Starting at the line that contains "Hexagon Bolt M16x1,5x115", repeat each line exactly through the last line of the listing, and repeat nothing else.

*-*-*

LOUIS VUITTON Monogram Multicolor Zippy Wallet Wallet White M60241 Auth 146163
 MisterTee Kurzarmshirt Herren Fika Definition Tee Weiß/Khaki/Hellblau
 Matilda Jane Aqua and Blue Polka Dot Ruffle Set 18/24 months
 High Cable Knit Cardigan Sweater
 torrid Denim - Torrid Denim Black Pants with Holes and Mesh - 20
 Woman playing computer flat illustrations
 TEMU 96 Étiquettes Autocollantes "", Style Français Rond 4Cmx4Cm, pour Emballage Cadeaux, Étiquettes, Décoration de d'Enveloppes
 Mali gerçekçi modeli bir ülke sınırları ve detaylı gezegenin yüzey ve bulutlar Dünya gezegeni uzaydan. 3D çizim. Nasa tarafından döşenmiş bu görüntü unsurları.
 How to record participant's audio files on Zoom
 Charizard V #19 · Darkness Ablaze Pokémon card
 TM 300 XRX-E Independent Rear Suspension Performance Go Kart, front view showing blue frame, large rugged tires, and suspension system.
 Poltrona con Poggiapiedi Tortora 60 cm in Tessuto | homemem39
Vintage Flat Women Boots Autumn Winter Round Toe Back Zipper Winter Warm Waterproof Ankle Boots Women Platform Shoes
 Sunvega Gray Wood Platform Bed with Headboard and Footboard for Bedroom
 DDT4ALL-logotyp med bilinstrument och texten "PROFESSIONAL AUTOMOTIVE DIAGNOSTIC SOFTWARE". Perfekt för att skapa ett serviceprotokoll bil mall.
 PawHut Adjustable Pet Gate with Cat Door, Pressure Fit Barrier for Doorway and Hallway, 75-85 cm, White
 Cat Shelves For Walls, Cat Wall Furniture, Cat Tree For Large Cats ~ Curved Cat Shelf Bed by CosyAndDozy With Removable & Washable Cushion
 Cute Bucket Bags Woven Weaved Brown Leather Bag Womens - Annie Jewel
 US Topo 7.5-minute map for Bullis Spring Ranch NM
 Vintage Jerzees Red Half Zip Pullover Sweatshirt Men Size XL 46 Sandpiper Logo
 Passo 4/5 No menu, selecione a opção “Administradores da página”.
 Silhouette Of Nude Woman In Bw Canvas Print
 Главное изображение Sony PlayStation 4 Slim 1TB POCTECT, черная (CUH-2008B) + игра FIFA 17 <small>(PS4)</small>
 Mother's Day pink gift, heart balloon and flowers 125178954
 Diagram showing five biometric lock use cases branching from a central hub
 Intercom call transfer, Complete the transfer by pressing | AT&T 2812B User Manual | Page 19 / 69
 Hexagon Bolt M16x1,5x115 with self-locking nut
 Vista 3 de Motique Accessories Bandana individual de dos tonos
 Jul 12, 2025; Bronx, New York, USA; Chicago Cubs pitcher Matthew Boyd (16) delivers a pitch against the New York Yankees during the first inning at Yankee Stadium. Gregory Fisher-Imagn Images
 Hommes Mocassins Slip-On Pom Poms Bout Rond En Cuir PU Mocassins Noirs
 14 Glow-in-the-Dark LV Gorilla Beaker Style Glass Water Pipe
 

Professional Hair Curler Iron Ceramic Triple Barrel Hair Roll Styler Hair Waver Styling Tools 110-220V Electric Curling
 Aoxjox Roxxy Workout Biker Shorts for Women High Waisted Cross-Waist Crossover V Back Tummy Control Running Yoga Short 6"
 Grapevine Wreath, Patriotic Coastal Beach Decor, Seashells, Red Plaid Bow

*-*-*

Solution for this exercise
 Hexagon Bolt M16x1,5x115 with self-locking nut
 Vista 3 de Motique Accessories Bandana individual de dos tonos
 Jul 12, 2025; Bronx, New York, USA; Chicago Cubs pitcher Matthew Boyd (16) delivers a pitch against the New York Yankees during the first inning at Yankee Stadium. Gregory Fisher-Imagn Images
 Hommes Mocassins Slip-On Pom Poms Bout Rond En Cuir PU Mocassins Noirs
 14 Glow-in-the-Dark LV Gorilla Beaker Style Glass Water Pipe
 

Professional Hair Curler Iron Ceramic Triple Barrel Hair Roll Styler Hair Waver Styling Tools 110-220V Electric Curling
 Aoxjox Roxxy Workout Biker Shorts for Women High Waisted Cross-Waist Crossover V Back Tummy Control Running Yoga Short 6"
 Grapevine Wreath, Patriotic Coastal Beach Decor, Seashells, Red Plaid Bow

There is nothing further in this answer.